PROMPT
Without including any pictures, reproduce the full listing exactly.

SOURCE MATERIAL
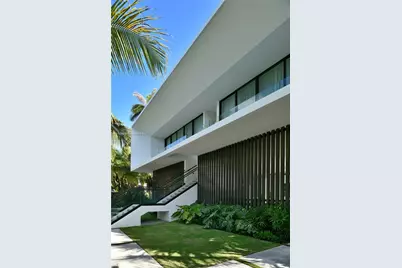 375 N Hibiscus Dr, Miami Beach, FL 33139 - Photo 7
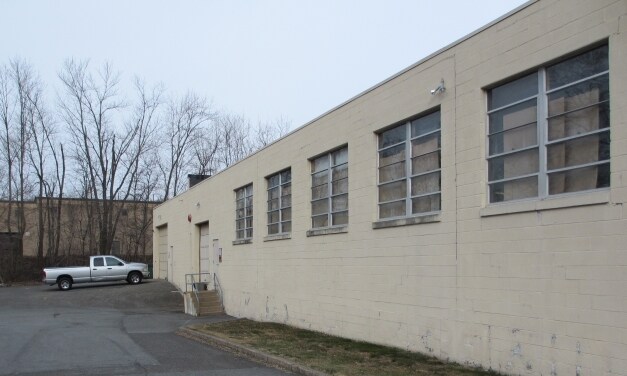 More Photos Of 555 Goffle Rd, Wyckoff Warehouse For Lease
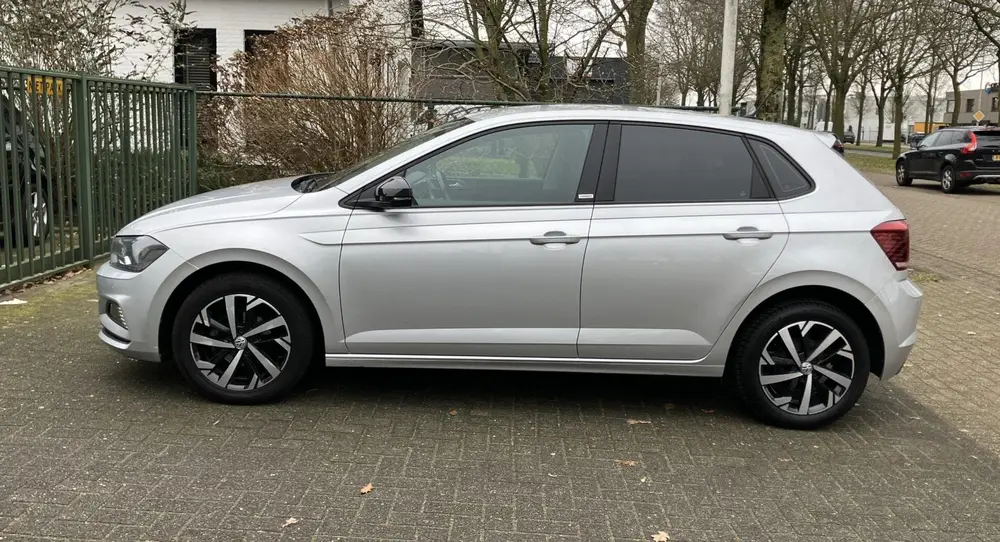 Volkswagen Polo 1.0 MPI Comfortline Navi Carplay PDC LM uit 2019, foto 5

RESPONSE AREA
 375 N Hibiscus Dr, Miami Beach, FL 33139 - Photo 7
 More Photos Of 555 Goffle Rd, Wyckoff Warehouse For Lease
 Volkswagen Polo 1.0 MPI Comfortline Navi Carplay PDC LM uit 2019, foto 5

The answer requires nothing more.